Captioned web images:
━━━━━━━━

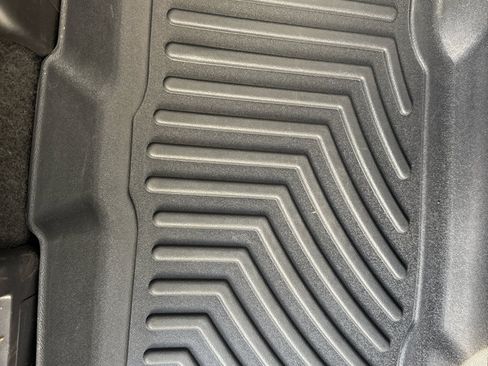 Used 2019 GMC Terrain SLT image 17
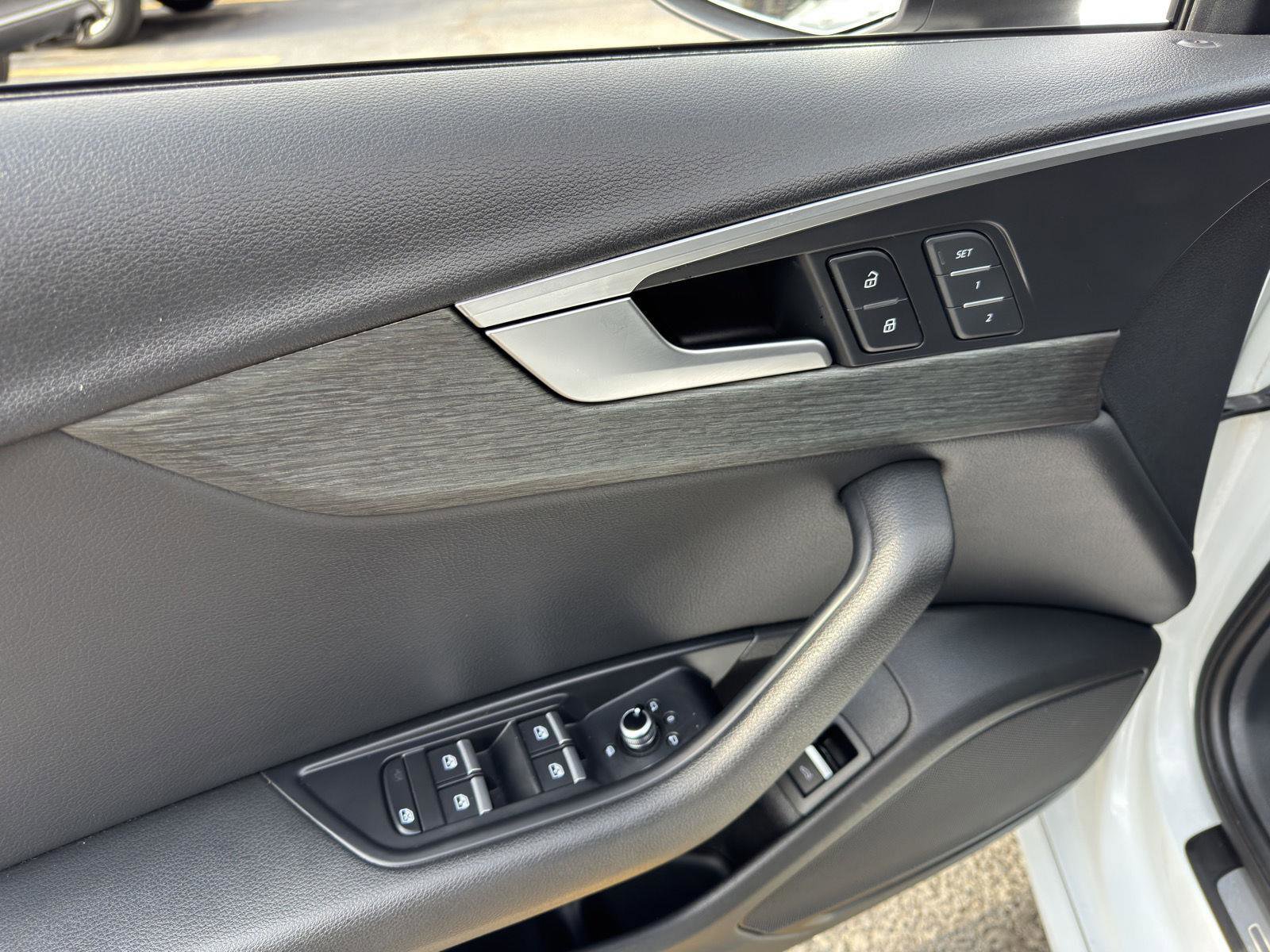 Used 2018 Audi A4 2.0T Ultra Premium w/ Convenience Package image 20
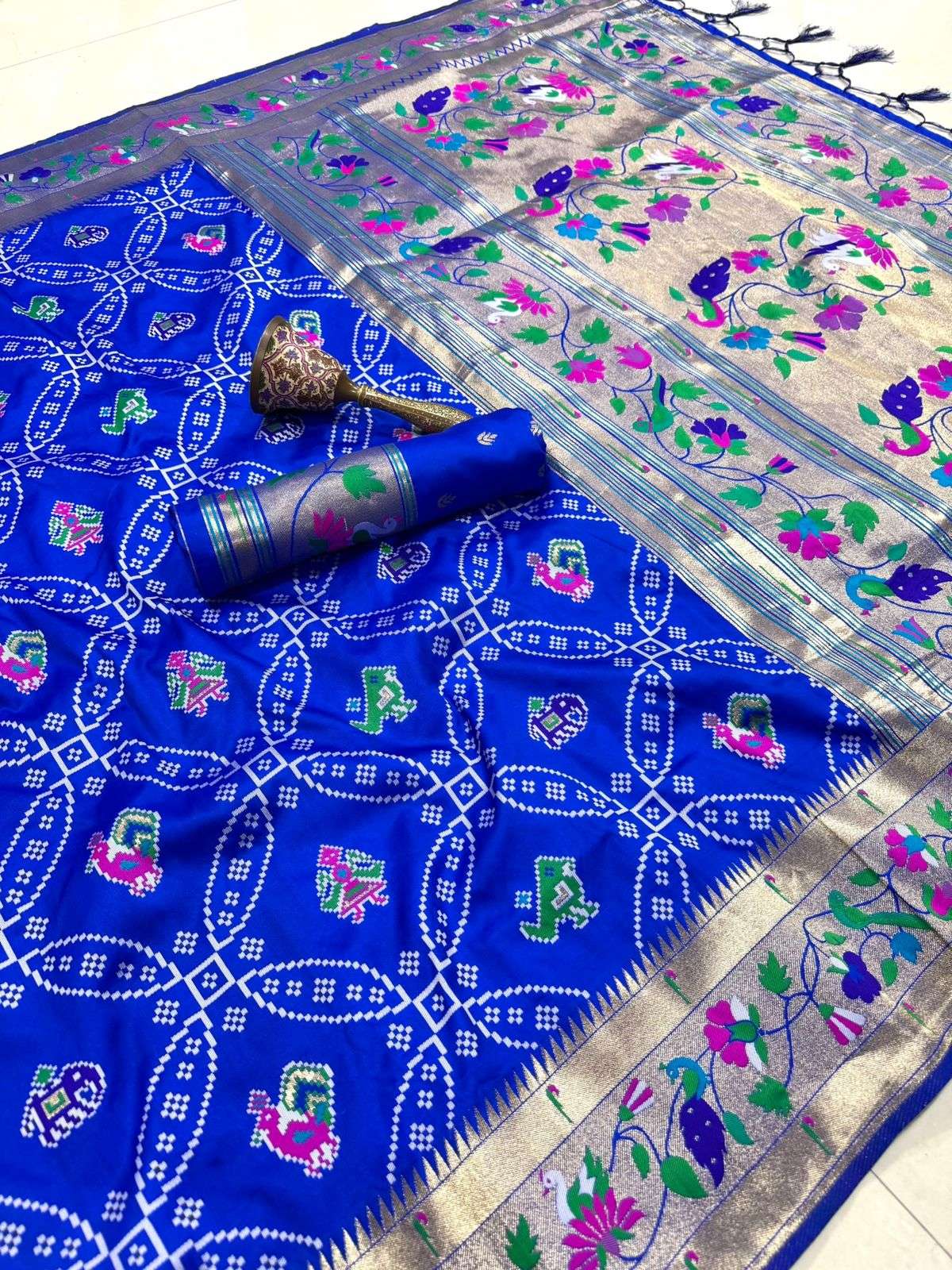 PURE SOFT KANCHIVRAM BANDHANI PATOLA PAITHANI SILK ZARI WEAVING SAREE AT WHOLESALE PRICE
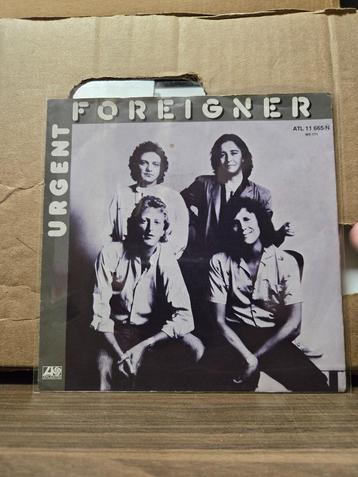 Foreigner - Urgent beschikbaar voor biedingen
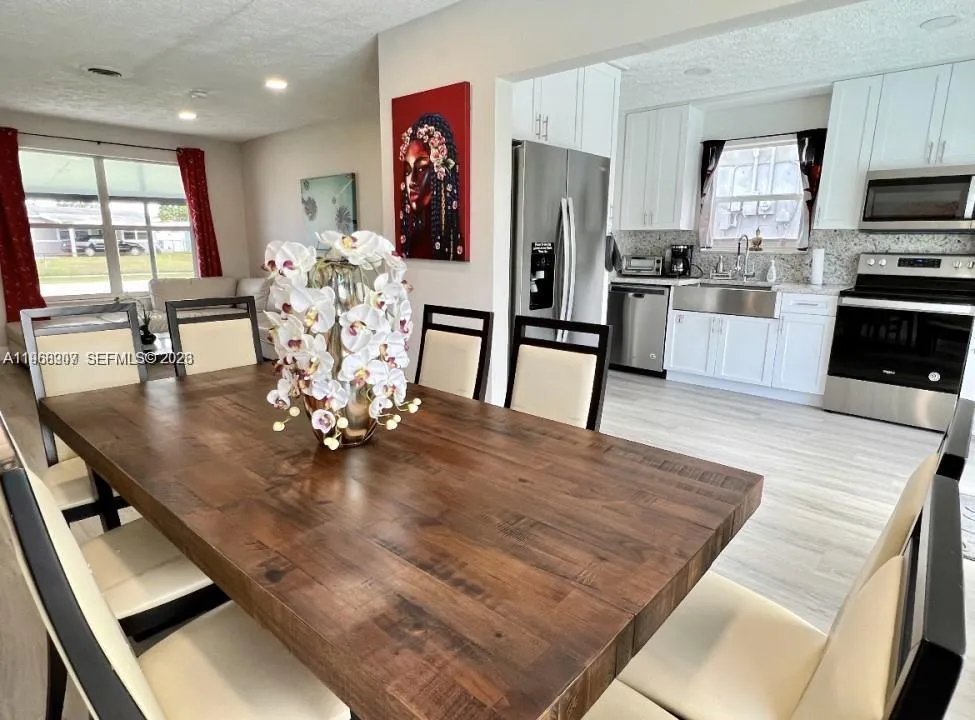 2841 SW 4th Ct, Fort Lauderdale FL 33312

━━━━━━━━

(Directions)
A verbatim copy of every entry above, with no pictures, is the expected output.

(Answer area)
 Used 2019 GMC Terrain SLT image 17
 Used 2018 Audi A4 2.0T Ultra Premium w/ Convenience Package image 20
 PURE SOFT KANCHIVRAM BANDHANI PATOLA PAITHANI SILK ZARI WEAVING SAREE AT WHOLESALE PRICE
 Foreigner - Urgent beschikbaar voor biedingen
 2841 SW 4th Ct, Fort Lauderdale FL 33312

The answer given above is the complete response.